The Guardian has been promoted a liberal with small l newspaper
for a long time. It is the newspaper of choice for the ‘progressive’ reader.
The editorials are supposed to be reflect the ‘left-centre ground’.
The Guardian is not independent, the old Scott Trust was
wound up in 2008 and replaced by a limited company using the same moniker. The
new Scott Trust Ltd appoints a board to run the show – the composition of which
might startle those who still regard The Guardian as a left leaning newspaper. The
Scott Trust Limited appoints the editor, sets the commercial direction of the
newspapers it owns and has total responsibility for their overall development.
The Guardian is beset by the same pressures around cut-price churnalism,
advertising revenue and its relationship to power as any other commercial media
giant. The Scott Trust Ltd is a commercial board, the governing body of The
Guardian and The Observer. Much of the Guardian’s reporting could mislead people
into believing that their journalists should be just be stenographers for
government and corporate spokespeople repeating press releases.
Neil Berkitt – a former banker (Lloyds, St George Bank) who
then helped vulture capitalist Richard Branson with Virgin Media.
David Pemsel – Former head of marketing at ITV.
Nick Backhouse – On the board of the Bank of Queensland,
formerly with Barings Bank.
Ronan Dunne - On the
Telefónica Europe plc board, Chairman of Tesco Mobile. He has also worked at
Banque Nationale de Paris plc.
Judy Gibbons - Currently a non-executive director of retail property kings Hammerson,
previously with O2, Microsoft, Accel Partners (venture capital), Apple and
Hewlett Packard.
Jennifer Duvalier – Previously in management consultancy and
banking.
Brent Hoberman – Old Etonian with fingers in various venture
capital pies including car rental firm EasyCar.
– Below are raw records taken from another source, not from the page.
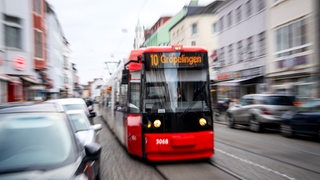 Eine Straßenbahn fährt zwischen Autos durch die Innenstadt.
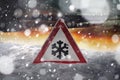 Road sign snow warns of snow and ice in winter, warning sign Royalty Free Stock Photo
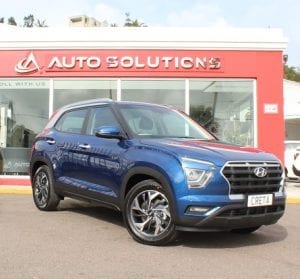 Hyundai Creta 2021, front right side view, blue color, outside of Auto Solutions showroom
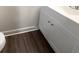 Bathroom vanity boasts white cabinets and dark vinyl flooring at 123 Lewisfield Dr, North Charleston, SC 29418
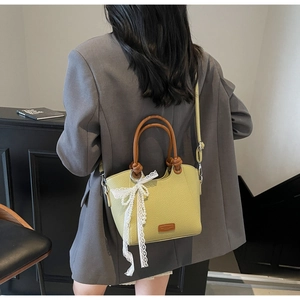 Sac seau vert citron en cuir grainé avec anses brunes et un nœud décoratif en dentelle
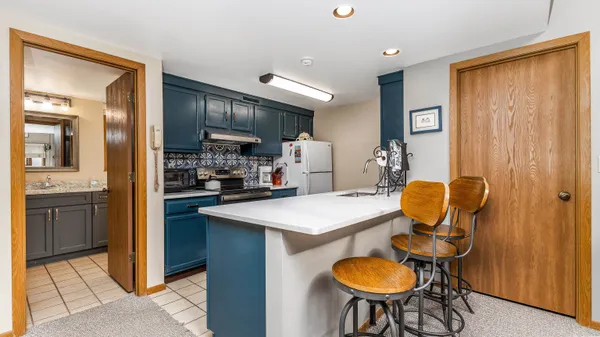 a kitchen that has a table and chairs in it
Nigel Morris – Chairman of network digital marketing giants
Aegis Media.
John Paton – CEO of Digital First Media – a very large media
conglomerate which was sued successfully in the U.S. for rigging advertising
rates.
Katherine Viner – Not a banker, in marketing or
venture capital. She is a journalist.
Darren Singer – formerly with BSkyB, the BBC and Price
Waterhouse Coopers.
Secretary Philip Tranter –from some posh law firm in London.
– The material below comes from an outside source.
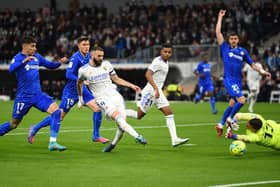 MADRID, SPAIN - APRIL 09: Karim Benzema of Real Madrid CF 
scores a goal which was later disallowed due to off side during the La Liga Santander match between Real Madrid CF and Getafe CF at Estadio Santiago Bernabeu on April 09, 2022 in Madrid, Spain. (Photo by Denis Doyle/Getty Images)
Note the total absence of any trade unionists, social
workers, academics, activists or even journalists (save for Editor-in-chief Ms Viner).
The
Guardian is run by people predominantly from banking, venture capital and
marketing – with all manner of connections to companies like Virgin Media,
Tesco, O2, Microsoft, HP etc. Perhaps this explains its well documented
expertise in off shore tax avoidance schemes that hypocritical exercises, the
abrupt dismissal of dissenting voices such as its ex-reporter Nafeez Ahmed, its
stance against Scottish independence, and, of course, its own supposedly
neutral coverage of the Labour leader election and the demonization of Jeremy
Corbyn. The few truly radical voices it allows space for are merely fig leaves
for a right-wing bias disguised as ‘balanced’ journalism. A memory hole is any
mechanism for the alteration or disappearance of inconvenient or embarrassing
documents, particularly as part of an attempt to give the impression that
something never happened and the Guardian is adept at expressing such.